Techniques about dealing with non-response
Only if the cause of the missing observation is truly random, we might still assume that we are able to produce valid estimations for the entire population – just with a somewhat smaller sample size. If the cause is systematic, we might introduce a serious systematic error. In the sampling literature, some techniques are proposed as to how to deal with such missing observations (a good summarizing reference is McRoberts 2003):
- Ignoring the plots with missing observations: the sample size precision decrease (because of smaller n): one pretends for the analysis that those plots with missing observations have not been selected at all. According to available additional information, one assigns the plots to different strata and proceeds with the “ignoring” technique per strata, thus possibly reducing the negative effect, at least for some strata.
- Replacement with previous plot observations: replacing the missing plot observations with the observations of the same plot from the previous inventory assuming, obviously, that the plot value is much larger than the changes. Changes are actually not taken into account then; therefore this method is recommendable only for relatively short re-measurement periods.
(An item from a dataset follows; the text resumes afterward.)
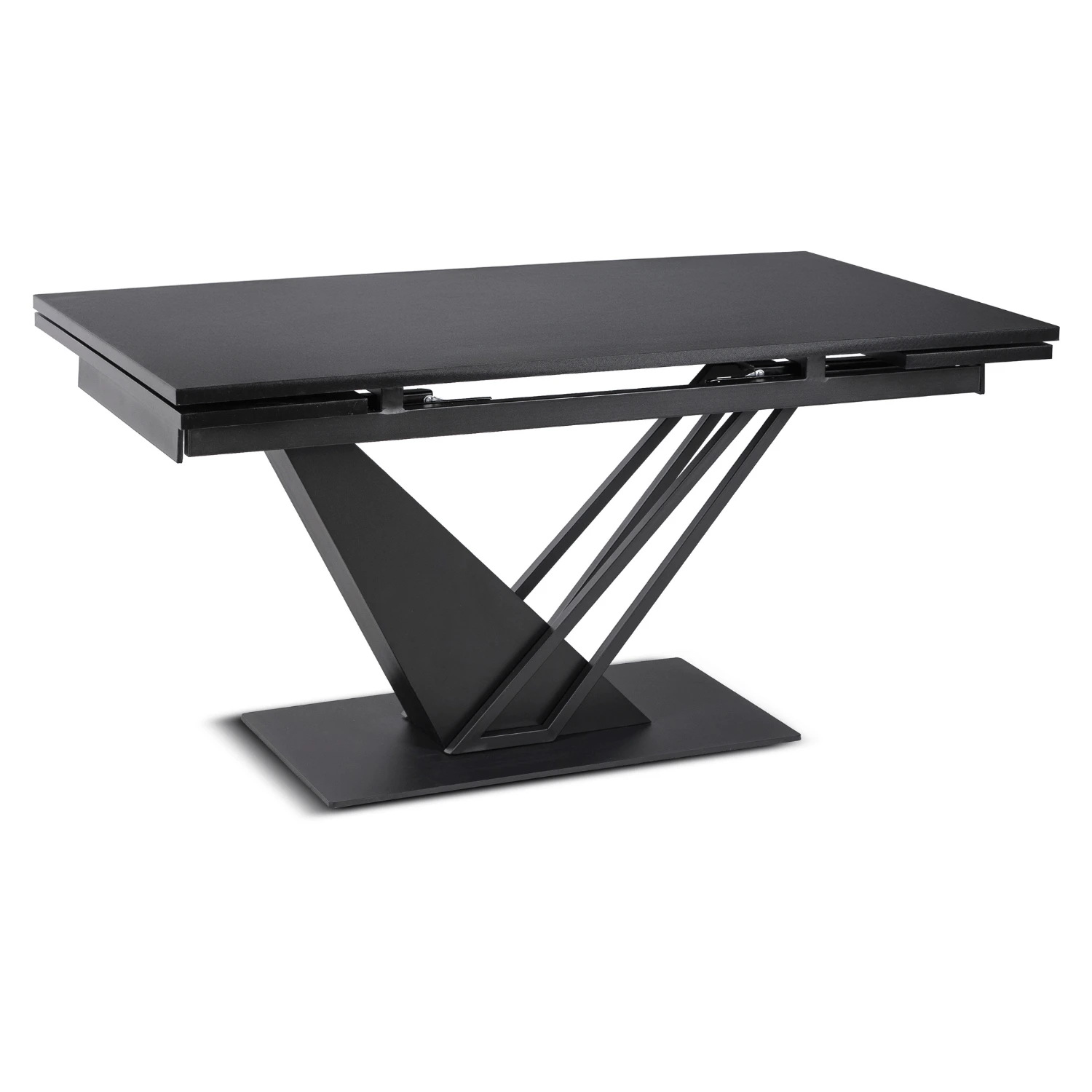 Rozkladací stôl REX 160-220 cm, čierny, MDF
*Replacement with (strata) means: a first such approach is that the missing plot observations are replaced with a mean value either the overall mean or the stratum means if some stratification was done. This will bias the variance downwards.
The second approach is similar to the first approach but a residual randomly generated from a N(0,\(\sigma\)) distribution is added where \(\sigma\) is the standard deviation for the set of observed plots (overall or in the corresponding stratum). Because of the random component, the result is not unique. By adding this “random noise” to the mean value we reduce or eliminate the downward bias of the variance estimator.
*Replacement with model predictions: A linear regression is established to model the relationship between previous and current observations (for observed plots). For all missing plots (overall or per stratum) the values are determined from this regression model. As a regression is a sort of “moving average” this will again likely bias the variance downwards.
Similarly to the previous approach, we can add a residual randomly generated from a N(0,\(\sigma\)) distribution where \(\sigma\) is the residual standard deviation obtained from fitting the regression model (overall or in the corresponding stratum).
*Replacement with imputations: Nearest neighbor technique – one searches the pool of observed plots for the plots that are most similar to the specific missing plot in terms of known characteristics of that plot. From the m most similar plots the mean value of the desired variables are calculated and used for the missing plot observations. That obviously implies that it is required that there is at least some information about the missing plot.
More detailed comparison of using these approaches to mitigate effect of missing observations is discussed in McRoberts(2003).